5-month old liver-specific Phb1 heterozygotes and flox controls (n=8 each group) were subjected to LMBDL as described in Experimental Procedures and followed for 3.5 months. (A) Flox control (left panel); heterozygous control (middle panel), showing proliferation of bile duct epithelial cells in 5/8 at baseline; flox LMBDL control (right panel), where bile duct proliferation was found in portal tract in 8/8; (B) heterozygous LMBDL mice exhibited aberrant bile duct proliferation (left panel) in 8/8; CCA (middle panel) was found in 1/8 heterozygotes after LMBDL with vascular invasion (right panel, arrow), (C) invasion to adjacent tissue (left panel, arrows), pancreas (middle panel) and lung metastasis (right panel, arrow). Representative H&E are shown, original magnification, X200 for all except X400 for F and G. (D) Changes in Phb1, Mat1a, c-Myc, Mafg and c-Maf expression after LMBDL, expressed as % of Phb1 flox control. Real-time PCR measured mRNA levels of these genes from n=3 in each group. *p< 0.05 vs Flox, †p < 0.05 vs Phb1 flox + LMBDL. (E) Western blotting showed comparable changes in PHB1 protein levels.

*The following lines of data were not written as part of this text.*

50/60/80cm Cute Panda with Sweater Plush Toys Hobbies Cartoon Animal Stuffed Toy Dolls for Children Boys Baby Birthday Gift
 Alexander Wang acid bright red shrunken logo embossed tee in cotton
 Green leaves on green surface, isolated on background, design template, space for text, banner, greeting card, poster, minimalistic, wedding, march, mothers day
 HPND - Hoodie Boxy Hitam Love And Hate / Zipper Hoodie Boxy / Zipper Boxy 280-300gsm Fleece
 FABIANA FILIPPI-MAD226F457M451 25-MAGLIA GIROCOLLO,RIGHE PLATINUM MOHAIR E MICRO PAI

Figure 8. PHB1 is a tumor suppressor in SAMe-D cells

(A) PHB1 expression is lower in SAMe-D cells, which are derived from HCC of a Mat1a KO mouse. (B) Effect of PHB1 overexpression on expression of c-MYC, c-MAF, and MAFG in SAMe-D cells. (C) Anchorage-independent growth in SAMe-D cells. SAMe-D cells were stably transfected with PHB1 overexpression vector as described in Experimental Procedures and anchorage-independent growth was measured. Overexpression of PHB1 had a profound inhibitory effect on anchorage-independent growth.